Rivalitas dua musuh bubuyutan yakni, Barcelona dan Real Madrid tampaknya akan terus berlangsung abadi. Gambaran ini jelas terpajang setelah kedua tim sama-sama merekrut dua pemain muda dari Jepang.

Real Madrid terlebih dahulu bergerak dengan merekrut Takefusa Kubo. Sementara kemudian menyusul Barcelona yang baru saja mendatangkan Hiroki Abe.

Keduanya memang masih berusia belia dan baik Barcelona maupun Real Madrid pun telah memastikan akan memasukan wonderkid mereka ke skuat junior. Takefusa Kubo akan bermain untuk Real Madrid Castilla di divisi dua, sementara Hiroki Abe memperluat Barcelona B di divisi tiga.

Namun meski hanya untuk tim junior, kedatangan Takefusa Kubo dan Hiroki Abe jelas menandai babak baru dalam rivalitas Barcelona dan Real Madrid.

Real Madrid membuat kejutan terlebih dahulu dengan memboyong Takefusa Kubo dari FC Tokyo dengan nilai transfer sebesar 2 juta euro.

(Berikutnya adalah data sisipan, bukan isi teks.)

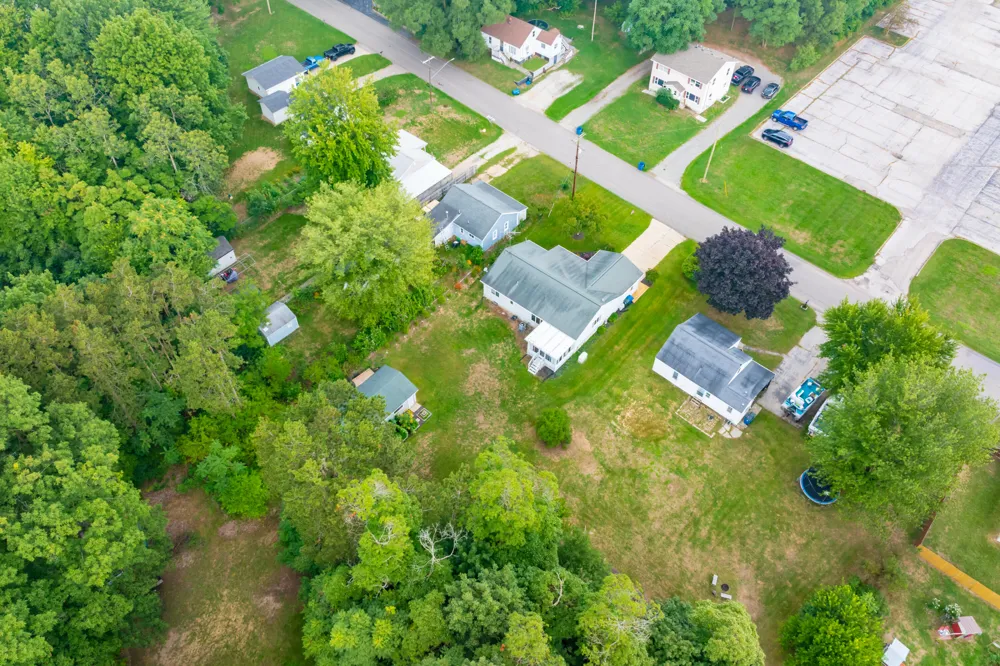 3343 John Street Ravenna, MI 49451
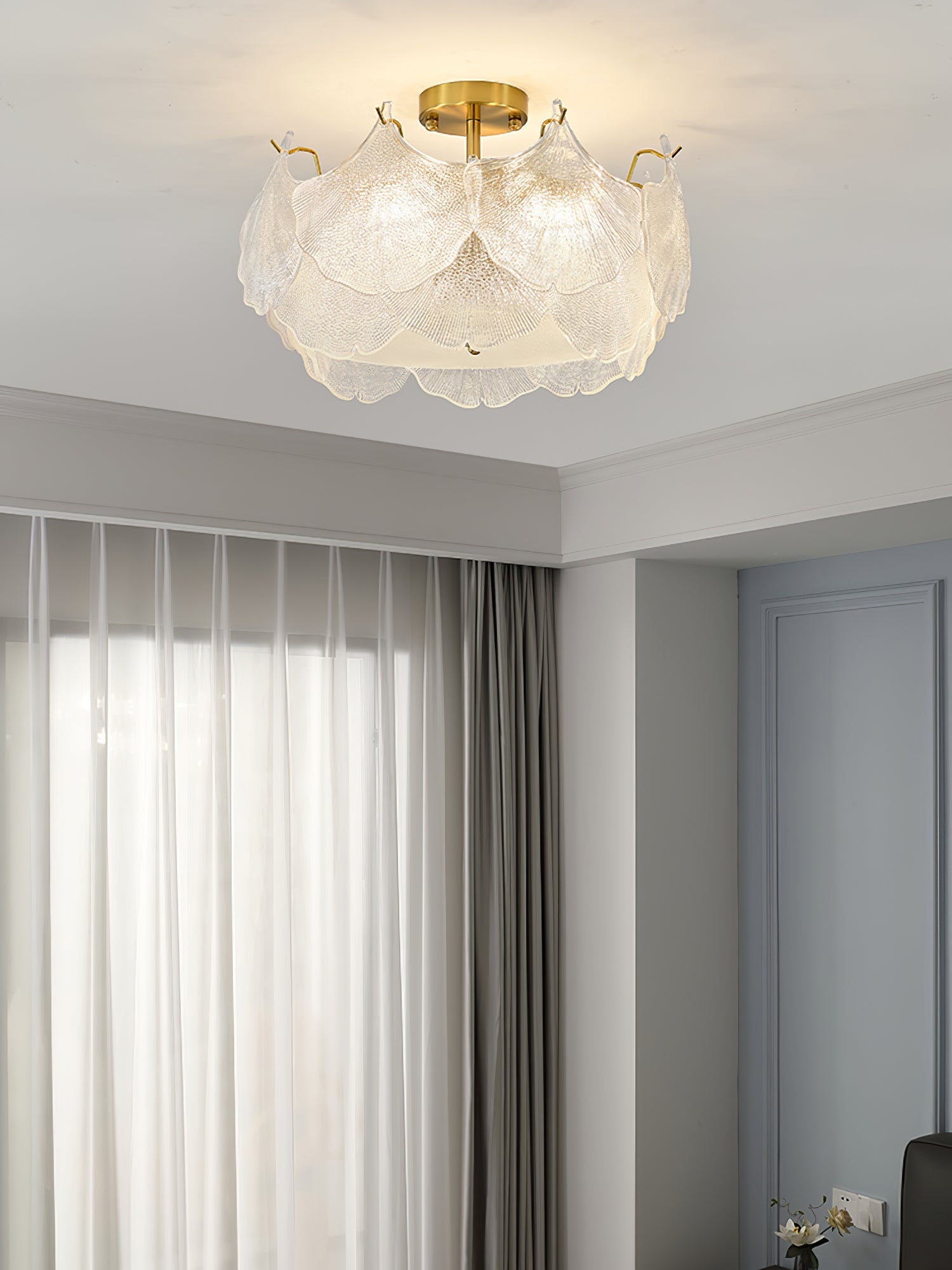 Maple Leaf Cluster Ceiling Light - Blowlighting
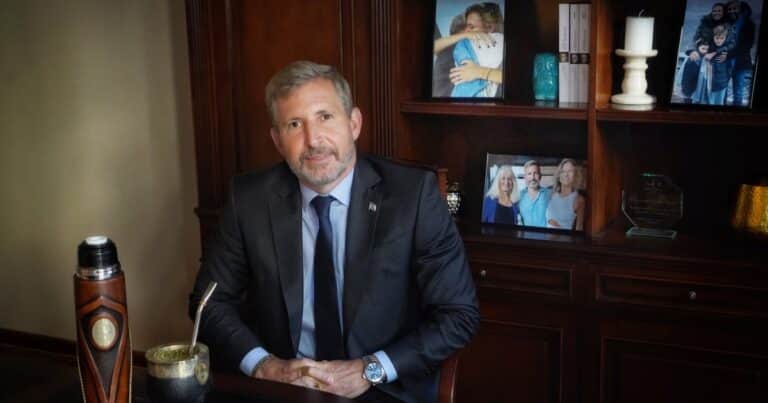 Denuncian espionaje en Entre Ríos: encontraron aparatos para grabar y filmar en la oficina de Rogelio Frigerio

Bukan dari nilai transfer namun hal yang mengejutkan adalah lantaran Kubo merupakan salah satu lulusan akademi Barcelona.

Kubo memperkuat akademi Barcelona sejak tahun 2011 hingga 2015, tepatnya setelah Barcelona terkena sanksi larangan transfer oleh FIFA saat membelinya dari Kawasaki Fontale. Pada jangka waktu tersebutlah Kubo mendapat julukan Lionel Messi dari Jepang.

Seakan tidak mau kalah dari Real Madrid, La Blaugrana pun kemudian memutuskan merekrut pemain muda terbaik J-League tahun 2018, Hiroki Abe..

Gelandang serang yang juga bisa bermain sebagai winger ini berusia dua tahun lebih tua dari Kubo. Dengan pengalaman dan prestasi yang melekat pada sosok Abe, bukan tidak mungkin yang sempat membela Jepang di Copa America 2019 ini akan mampu promosi ke tim senior lebih dulu dari Kubo.

Kedua bintang muda Jepang ini pun sekaligus menegaskan prospek jangka panjang akan rivalitas Barcelona dan Real Madrid atau yang biasa dikenal dengan duel El Clasico.